How do you, especially since you have tight resources to work with being a non-profit. How do you go about deciding, or vetting ideas?

For us, we're pretty flexible, nimble and loose but one of the things we value and do is some overarching goal or purpose and mission. We're kinda always touching base on that and we worked with different organization to come to that. We've had Deloitte Consulting come in and work with us on that and we as a team have done it. It still constantly changes but we have this new goal which is to expose 200,000 Canadian women and girls to code by 2020. So for Laura and I, as the chief decision makers, and alongside with the Board, that's what it encompasses. How many people can we expose, how can we expose more people, and then drilling down on that further, it's our mission to provide these learning experiences in a hands-on beginner-friendly way. So something like code-truck, does it expose a lot of people? Is it hands-on beginner-friendly? Is it accessible? Is it geared towards our demographic? We start to use that as a tool. We kinda kept that both kinda large because if you don't set really big lofty goals, you're never gonna get close to them. And then we have a few other value statements and strategic planning items that we'll use to vet the stuff against.

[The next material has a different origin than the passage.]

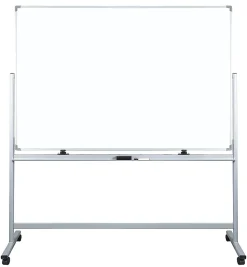 WorkPro® Double-Sided Mobile Magnetic Dry-Erase Whiteboard Easel, 72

There's more quantified measures too. When I look at the code-truck, how much it's gonna cost, how many people we're gonna expose, I do a rough calculation of what does this cost per person and what are some of the other things we do cost per person. So when we think about it that way, it’s never a limiting factor but let’s say if the code-truck was going to cost 200 bucks a person and our workshops cost 3 - maybe we could do more workshops and expose people that way. And then there's other factors - there's this really cool marketing thing, could some of that budget come out of it? Can we get a partner on board and what are they gonna value and what's the return for them. So thinking about all that stuff as well. The main focus is, is this gonna do what we set out as an organization to do the best way, and the most economical way that we have in all the other options that we have? And are we excited about it, that's another really big thing, like do I tell people about it before I'm allowed to? Then if I do, what am I gonna do, right? Do I get excited about it? Is our core team across the country gonna get pumped about this? If so, then yeah let's do this. And if you talk to people and they get pumped about it, that's also another indication that you're on the right track with something.

Who would you want to see featured on Ways We Work?

I just chatted with an individual recently, her name is Meredith Powell and she's from The Next Big Thing and her and I connected - she actually gave me really valuable advice and was super generous with her time. She has a really interesting background and just from that conversation sounds like she does a ton of stuff. The Next Big Thing's a partnership with Ryan Holmes of Hootsuite. It should be interesting. I'd love to get a bigger insight into how she's made all this stuff possible and just the sheer variety of things that she's doing as well would be interesting to get an undercover look into what she's up to.